Era imposible reanimarlo y coserle la puta herida a la vez. Se le iba a caer el pelo de estrés, cubría la piel abierta con una gasa, ayudando a su compañero a poner las planchas en el pecho.
—No va a morir —susurró Sanzu, dándole vueltas a la otra fotografía —. Me prometió que tendríamos una granja.
Los dos corrían por el campo de trigo del granero, felices en aquel momento de ingenuidad. Ignorando la guerra, acariciándose por las noches, recordando las primeras y las últimas palabras.
Cuando alzó la mirada de la imagen, vio cómo el torso de Rindou subía de un espasmo con una descarga eléctrica. Tragó saliva, con los ojos llenos de lágrimas.
No entendía por qué había tenido que suceder aquello.
Por qué le había tocado expresamente al amor de su vida, al chico que lo cuidó todos los días de su recuperación, después de recogerle de la calle y de darle un hogar. El primer hombre por el que se dejó tocar y mimar.
Sin Rindou, Sanzu habría muerto en un charco de barro, como el perro abandonado que había sido, lleno de infecciones y heridas.
Y ahí estaba, tumbado en una cama, desnudo, con tan sólo un trapo que le ocultaba la entrepierna. Olor metálico.
—Han disparado a Rindou —había dicho Ran, empapado de su sangre —. Kokonoi le está sacando las balas, voy a buscar a Kazutora...
No alcanzaba a tener una explicación, sólo el te quiero que resonaba en su cabeza como unas últimas palabras. Se tocó inconscientemente el parche, ahogando un sollozo.
Sin Rindou, Sanzu no era más que cicatrices.
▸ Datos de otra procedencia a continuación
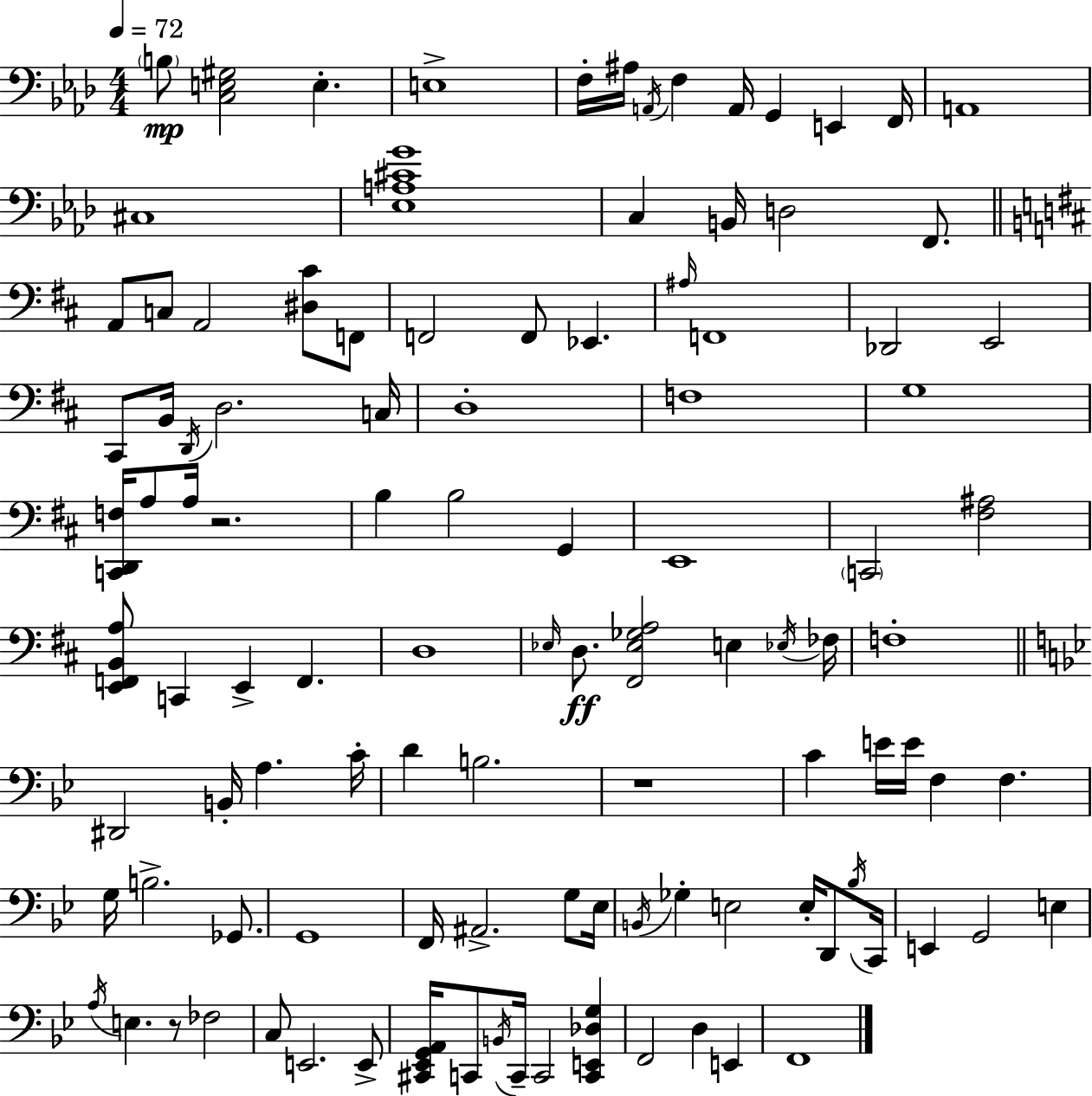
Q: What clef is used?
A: bass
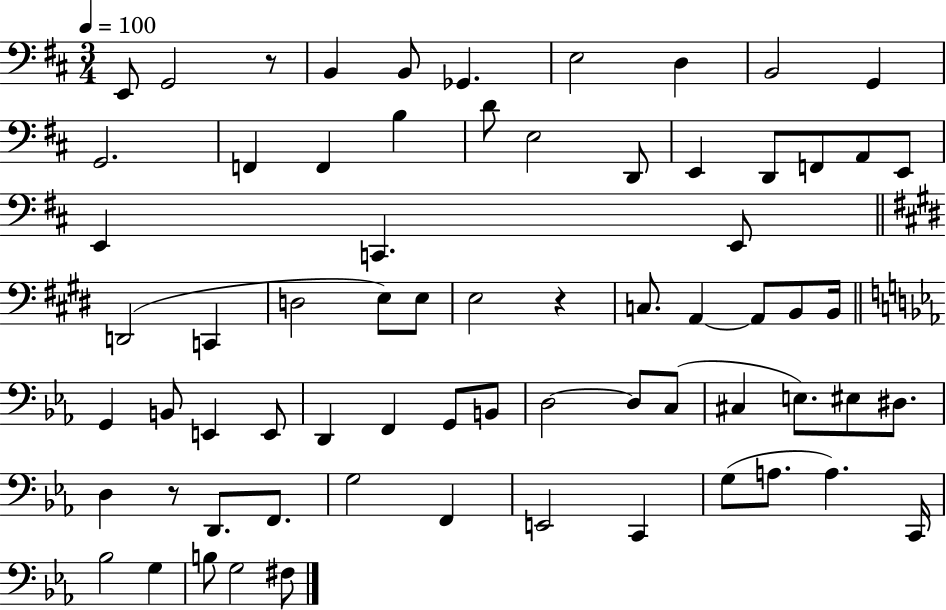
X:1
T:Untitled
M:3/4
L:1/4
K:D
E,,/2 G,,2 z/2 B,, B,,/2 _G,, E,2 D, B,,2 G,, G,,2 F,, F,, B, D/2 E,2 D,,/2 E,, D,,/2 F,,/2 A,,/2 E,,/2 E,, C,, E,,/2 D,,2 C,, D,2 E,/2 E,/2 E,2 z C,/2 A,, A,,/2 B,,/2 B,,/4 G,, B,,/2 E,, E,,/2 D,, F,, G,,/2 B,,/2 D,2 D,/2 C,/2 ^C, E,/2 ^E,/2 ^D,/2 D, z/2 D,,/2 F,,/2 G,2 F,, E,,2 C,, G,/2 A,/2 A, C,,/4 _B,2 G, B,/2 G,2 ^F,/2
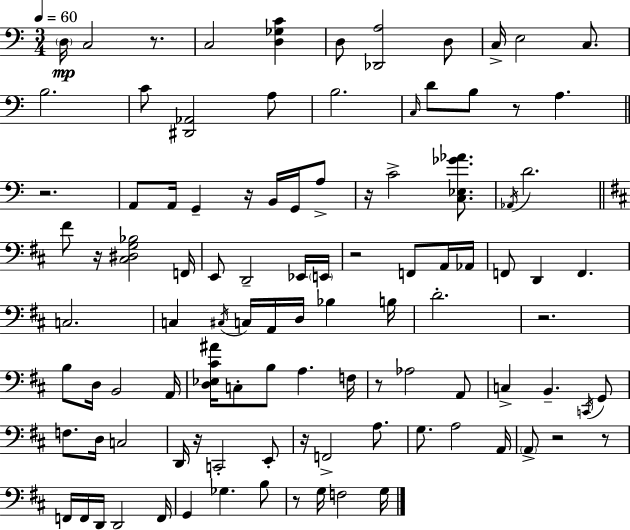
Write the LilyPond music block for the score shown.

{
  \clef bass
  \numericTimeSignature
  \time 3/4
  \key a \minor
  \tempo 4 = 60
  \parenthesize d16\mp c2 r8. | c2 <d ges c'>4 | d8 <des, a>2 d8 | c16-> e2 c8. | \break b2. | c'8 <dis, aes,>2 a8 | b2. | \grace { c16 } d'8 b8 r8 a4. | \break \bar "||" \break \key a \minor r2. | a,8 a,16 g,4-- r16 b,16 g,16 a8-> | r16 c'2-> <c ees ges' aes'>8. | \acciaccatura { aes,16 } d'2. | \break \bar "||" \break \key d \major fis'8 r16 <cis dis g bes>2 f,16 | e,8 d,2-- ees,16 \parenthesize e,16 | r2 f,8 a,16 aes,16 | f,8 d,4 f,4. | \break c2. | c4 \acciaccatura { cis16 } c16 a,16 d16 bes4 | b16 d'2.-. | r2. | \break b8 d16 b,2 | a,16 <d ees cis' ais'>16 c8-. b8 a4. | f16 r8 aes2 a,8 | c4-> b,4.-- \acciaccatura { c,16 } | \break g,8 f8. d16 c2 | d,16 r16 c,2-. | e,8-. r16 f,2-> a8. | g8. a2 | \break a,16 \parenthesize a,8-> r2 | r8 f,16 f,16 d,16 d,2 | f,16 g,4 ges4. | b8 r8 g16 f2 | \break g16 \bar "|."
}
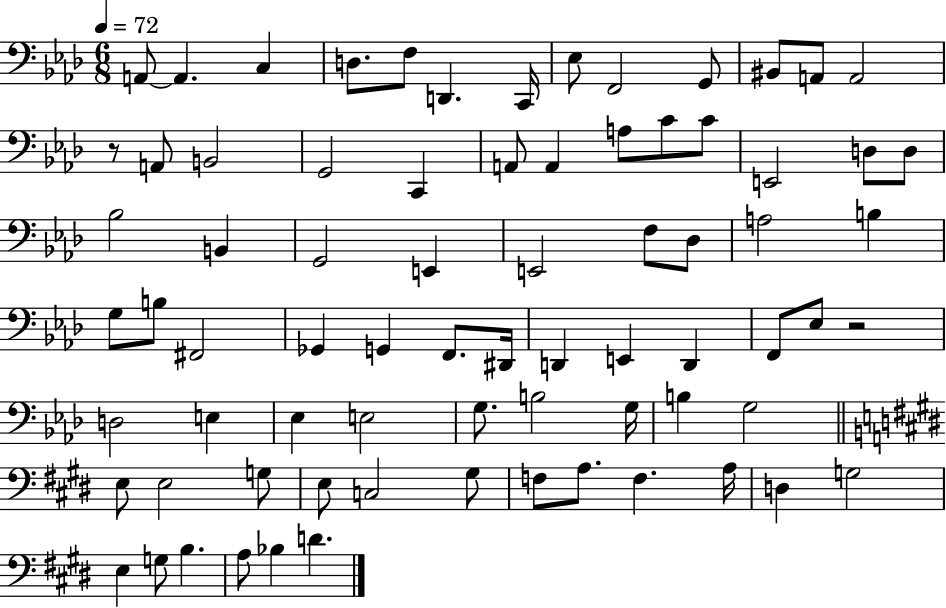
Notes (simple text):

A2/e A2/q. C3/q D3/e. F3/e D2/q. C2/s Eb3/e F2/h G2/e BIS2/e A2/e A2/h R/e A2/e B2/h G2/h C2/q A2/e A2/q A3/e C4/e C4/e E2/h D3/e D3/e Bb3/h B2/q G2/h E2/q E2/h F3/e Db3/e A3/h B3/q G3/e B3/e F#2/h Gb2/q G2/q F2/e. D#2/s D2/q E2/q D2/q F2/e Eb3/e R/h D3/h E3/q Eb3/q E3/h G3/e. B3/h G3/s B3/q G3/h E3/e E3/h G3/e E3/e C3/h G#3/e F3/e A3/e. F3/q. A3/s D3/q G3/h E3/q G3/e B3/q. A3/e Bb3/q D4/q.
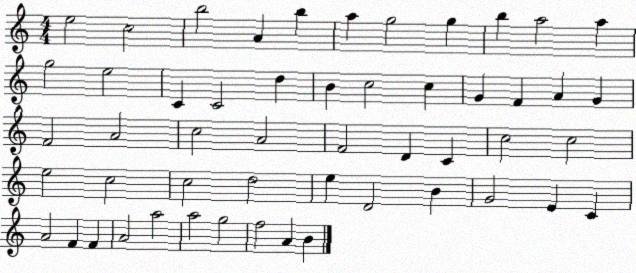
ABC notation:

X:1
T:Untitled
M:4/4
L:1/4
K:C
e2 c2 b2 A b a g2 g b a2 a g2 e2 C C2 d B c2 c G F A G F2 A2 c2 A2 F2 D C c2 c2 e2 c2 c2 d2 e D2 B G2 E C A2 F F A2 a2 a2 g2 f2 A B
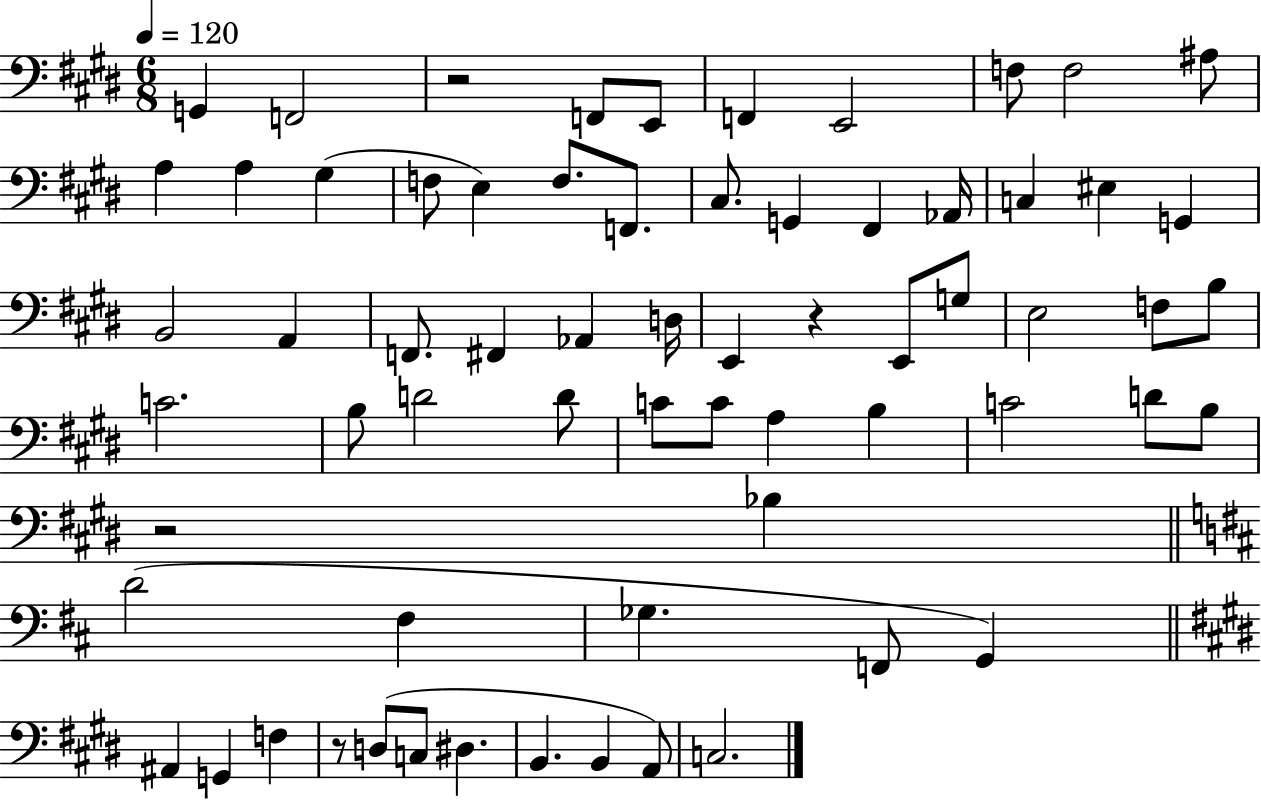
X:1
T:Untitled
M:6/8
L:1/4
K:E
G,, F,,2 z2 F,,/2 E,,/2 F,, E,,2 F,/2 F,2 ^A,/2 A, A, ^G, F,/2 E, F,/2 F,,/2 ^C,/2 G,, ^F,, _A,,/4 C, ^E, G,, B,,2 A,, F,,/2 ^F,, _A,, D,/4 E,, z E,,/2 G,/2 E,2 F,/2 B,/2 C2 B,/2 D2 D/2 C/2 C/2 A, B, C2 D/2 B,/2 z2 _B, D2 ^F, _G, F,,/2 G,, ^A,, G,, F, z/2 D,/2 C,/2 ^D, B,, B,, A,,/2 C,2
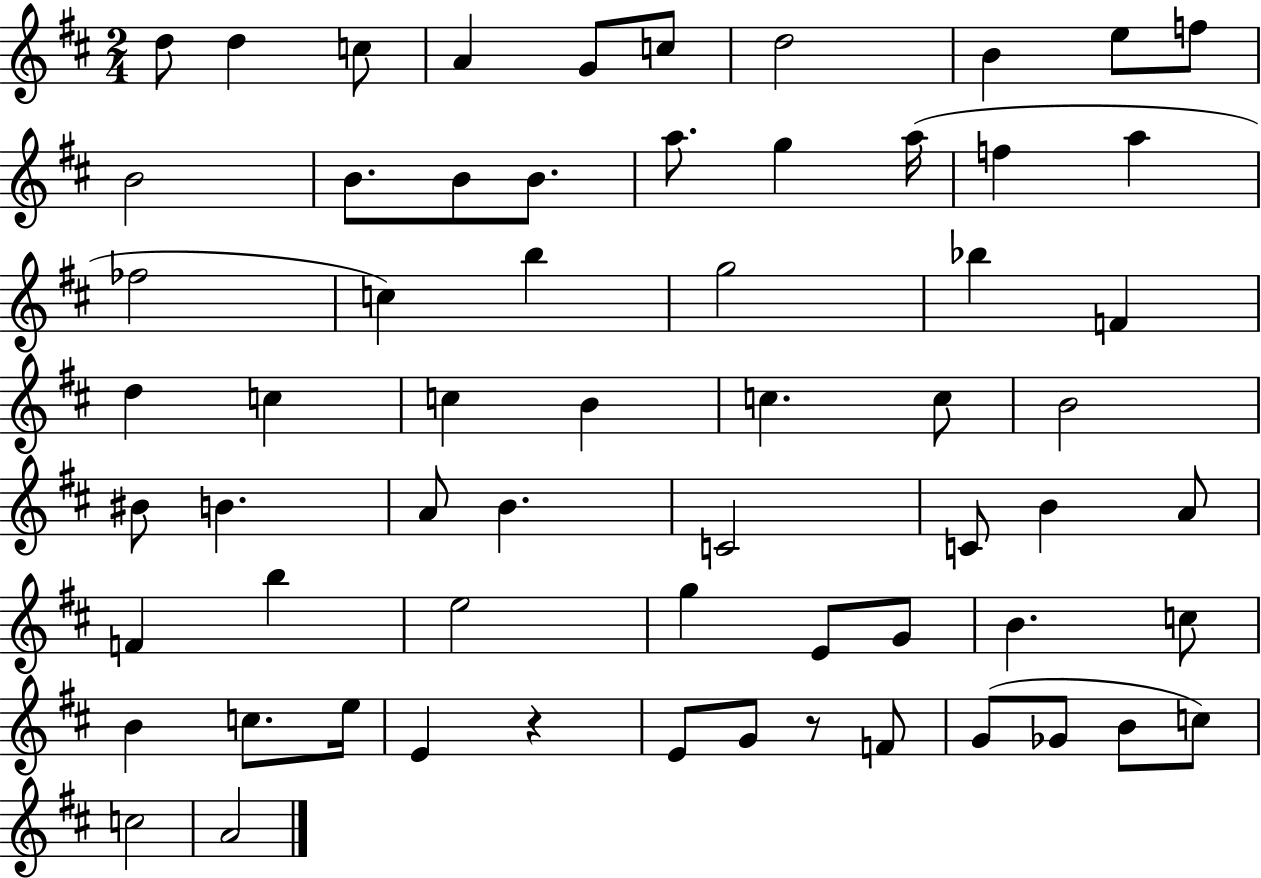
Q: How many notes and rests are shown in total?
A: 63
Él era el chico que le había enseñado a vivir otra vez.
—Otra vez —pidió Kokonoi, sujetando las planchas.
Seishu cargó de nuevo la máquina, yendo al instante a tomar el pulso del rebelde. Apenas tenían material, y todo era robado de los soviéticos. El respirador no se llenó del aliento húmedo, no ocurrió nada.
—Nada —informó, concentrándose en presionar adecuadamente la carótida.
—¡Otra vez!
Sanzu se encogió en la silla, llorando. Las fotografías se deslizaron a su regazo y un tic de ansiedad sacudió su pierna.
Entonces, alguien picó a la puerta. Los tres se miraron. La ayuda había llegado y, con ella, la sangre que Rindou necesitaba para vivir.
Los secretos mataban. Las verdades también.